-- Information given follows --

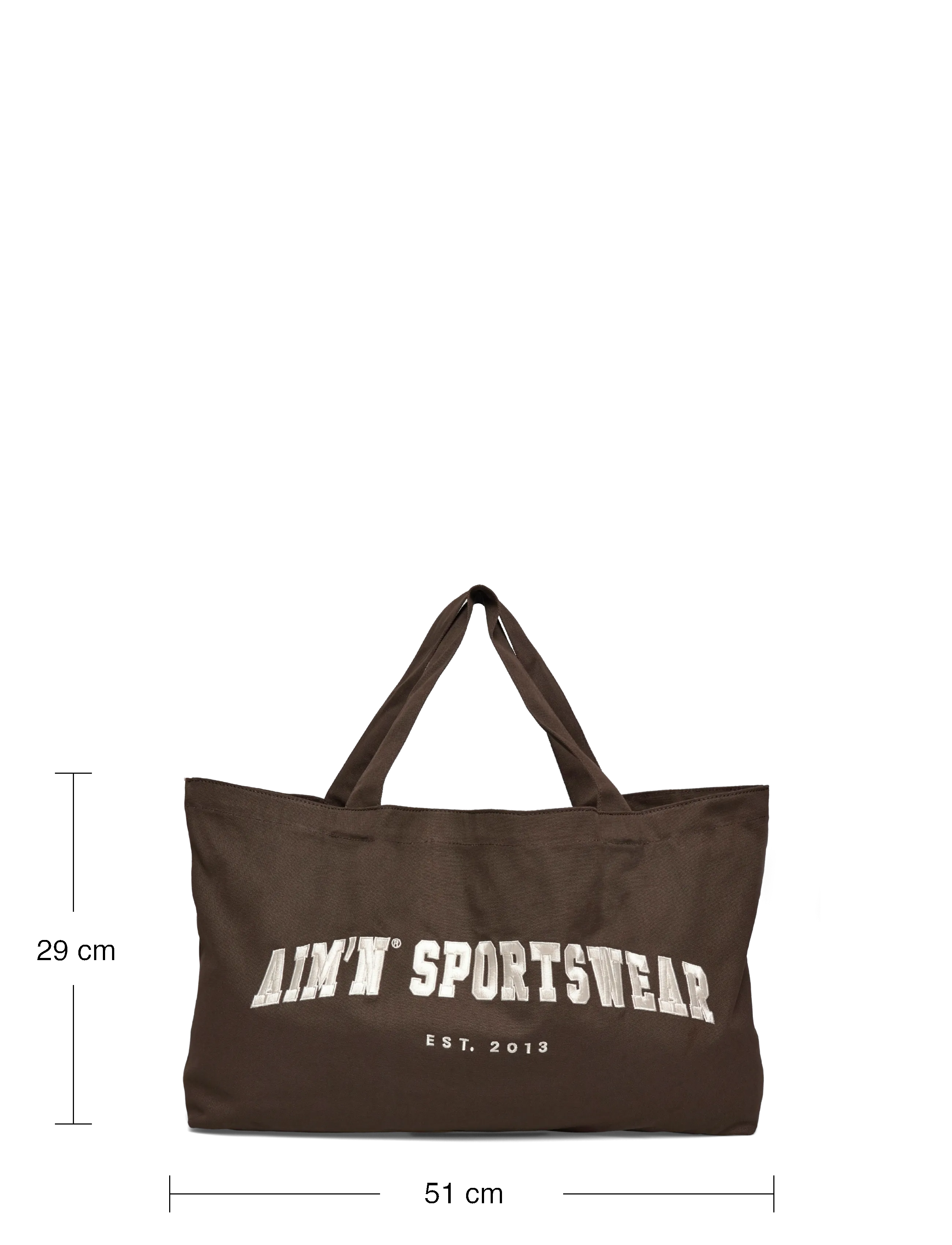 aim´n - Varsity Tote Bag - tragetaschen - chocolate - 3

-- Information given concluded --
-- Information given follows --

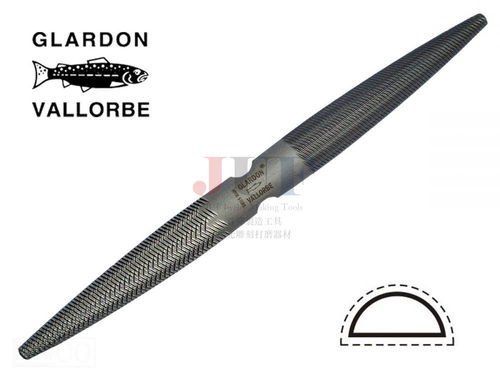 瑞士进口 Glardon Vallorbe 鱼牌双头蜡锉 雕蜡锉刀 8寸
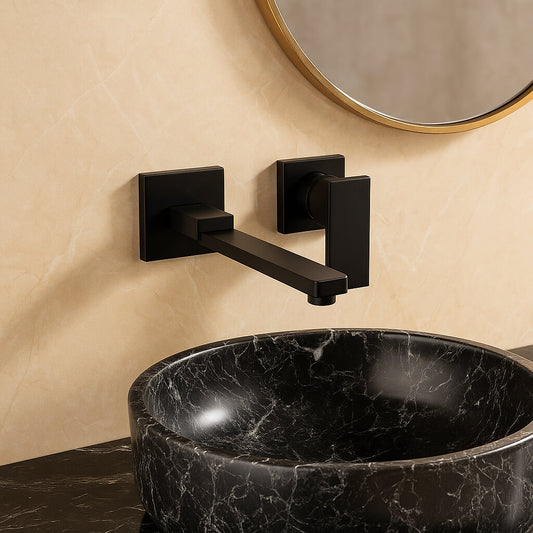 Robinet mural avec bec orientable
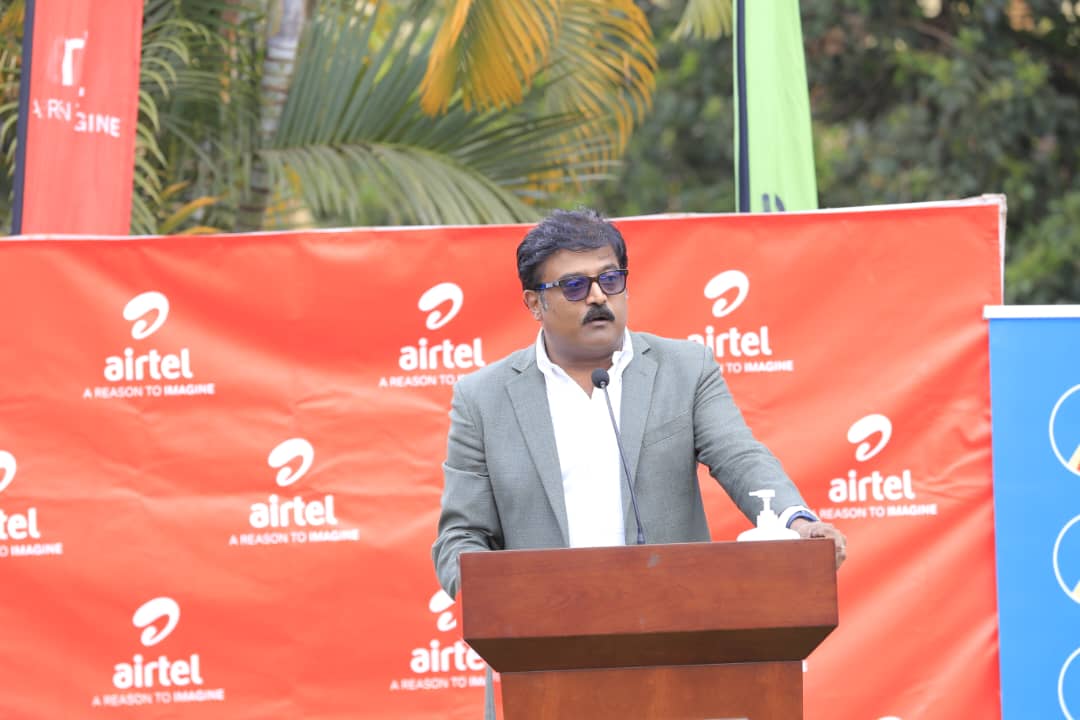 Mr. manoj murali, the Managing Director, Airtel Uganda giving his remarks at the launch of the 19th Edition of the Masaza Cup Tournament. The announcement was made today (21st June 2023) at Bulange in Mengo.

-- Information given concluded --

→ Task instructions: Could you output exactly the lines above, from the line with "瑞士进口 Glardon Vallorbe 鱼牌双头蜡锉 雕蜡锉刀 8寸" up to and including the line with "Mr. manoj murali, the", and nothing else, skipping the pictures?

→ Answer below:
 瑞士进口 Glardon Vallorbe 鱼牌双头蜡锉 雕蜡锉刀 8寸
 Robinet mural avec bec orientable
 Mr. manoj murali, the Managing Director, Airtel Uganda giving his remarks at the launch of the 19th Edition of the Masaza Cup Tournament. The announcement was made today (21st June 2023) at Bulange in Mengo.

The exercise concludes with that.